New Year's Eve 1956 was like so many other New Years Eves of my childhood: my father, usually a night owl, would retire to his bed at 7 p.m., growling about the sad state of the world, the dreadful fate of mankind and the inherent foolishness of anyone who even thought about celebrating the passage from one year to the next. His grumblings were interrupted only by his occasional calls for snacks or for another rum and Coke, sipped as he lay abed bemoaning the year past and the year to come.
And we knew the scenario for New Year's Day as well: he would rise in time to watch the Rose Parade on television, still clad in his favorite thermal ski pajamas, and make caustic comments about every marching band, every float, and, especially, every equestrian unit in the lineup with the ornate, bejeweled costumes of the riders and silver trimmed saddles further weighing down the horses.
And there was a certain comfort in such predictability.
We sat quietly with Aunt Molly that evening. My mother occasionally joined us in between ferrying food and drink to my father's lair.
Suddenly, Aunt Molly announced that she felt some poems coming on. I ran for pen and paper to transcribe her latest inspirations.
And, as I wrote her words down, memorizing them as I went along, I realized something suddenly: that facing each day and each year with a family member who saw the world in a dark and completely different way offered Aunt Molly -- and us -- a unique opportunity. We could make his dark moods our own. Or we could offer him love and understanding despite our differences and bring laughter to a usually difficult night in our house.
I was struck by the affection and gentle humor in Aunt Molly's simple, spontaneous poems to and about her brother, my father. For all their differences, differences that ran deep and angry and as long as they both lived, there was much love between them. I felt it as I transcribed her words.
New Year's Eve - 1956
Oh Father on thy bed of pain
The New Year now rolls round again.
What words of joy you bring us all
Every time we hear you call.
Oh Father keep our spirits light
With tales of plague and death and blight.

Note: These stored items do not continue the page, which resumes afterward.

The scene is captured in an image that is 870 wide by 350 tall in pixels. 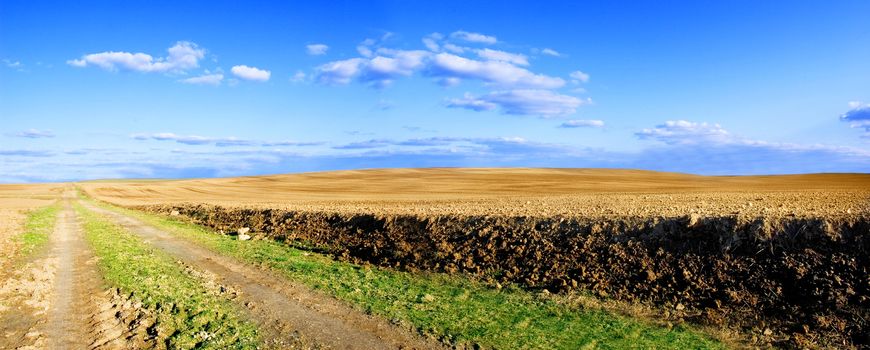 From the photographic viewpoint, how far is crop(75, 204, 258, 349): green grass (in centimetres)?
1005

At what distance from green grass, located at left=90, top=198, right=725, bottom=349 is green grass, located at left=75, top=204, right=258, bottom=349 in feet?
8.72

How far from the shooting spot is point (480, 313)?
1175cm

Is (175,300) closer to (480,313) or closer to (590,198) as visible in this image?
(480,313)

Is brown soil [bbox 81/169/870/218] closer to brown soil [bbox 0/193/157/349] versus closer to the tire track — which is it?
the tire track

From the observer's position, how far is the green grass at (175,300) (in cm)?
1005

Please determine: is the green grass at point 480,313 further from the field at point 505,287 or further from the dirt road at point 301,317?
the dirt road at point 301,317

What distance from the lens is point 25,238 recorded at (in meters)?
23.8

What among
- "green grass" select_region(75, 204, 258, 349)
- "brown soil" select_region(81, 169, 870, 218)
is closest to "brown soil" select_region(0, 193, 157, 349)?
"green grass" select_region(75, 204, 258, 349)

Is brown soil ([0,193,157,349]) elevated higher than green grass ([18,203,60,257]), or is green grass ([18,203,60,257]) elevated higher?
green grass ([18,203,60,257])

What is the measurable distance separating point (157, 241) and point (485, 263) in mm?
15208

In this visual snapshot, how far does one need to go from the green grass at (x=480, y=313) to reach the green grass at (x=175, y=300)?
266cm

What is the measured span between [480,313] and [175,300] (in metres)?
6.99

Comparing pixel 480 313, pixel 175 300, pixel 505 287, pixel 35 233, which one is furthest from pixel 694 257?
pixel 35 233

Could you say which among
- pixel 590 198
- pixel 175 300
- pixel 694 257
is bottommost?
pixel 175 300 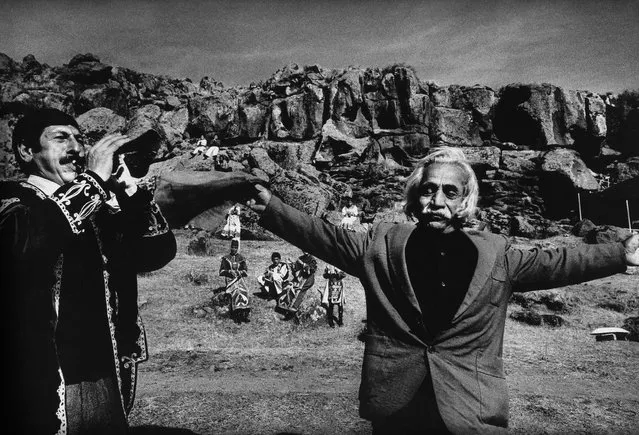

Blithe spirit let us not forget
The present's black. Our doom is set.
But if thou wilt not rise, sweet pere,
Ring out wild bells! Let every hair
Stand upright as in earth and heaven
Fools of the world greet '57.
The Day Father Rode in the Rose Parade
The Rose Parade was at its height
The horses pranced, the floats rolled by
When suddenly an awesome sight
Appeared against the drizzly sky.
The crowd let out a mighty roar
And rose to cheer, each man and boy,
For larroping by on an old screen door
Was the one, the only James McCoy.
His ski pajamas blazed with jewels,
His legs were beautiful to see
He rode among the cheering fools
A king of eccentricity.
He passed the stand and there unfurled
A banner scrolled in plastic foam
That read for all the waiting world:
"Okay, you've had it! Fools go home!"
We laughed heartily and together over her efforts. Even Father, languishing in bed, laughed as he read the two poems. And then Aunt Molly, my mother, Mike and I celebrated the coming of midnight and the New Year 1957 by grabbing pots and pans and wooden spoons, running around the front yard banging on the pots and yelling "Happy New Year!" to our neighbors who were also running around their yards, setting off firecrackers and yelling with joy. But the four of us had even more to celebrate that night: we were united in our loving acceptance of what was and hopeful for what might be in the New Year.
What is to be in 2012?
I hope for love despite differences, shared laugher and much joy and gratitude as we greet yet another New Year.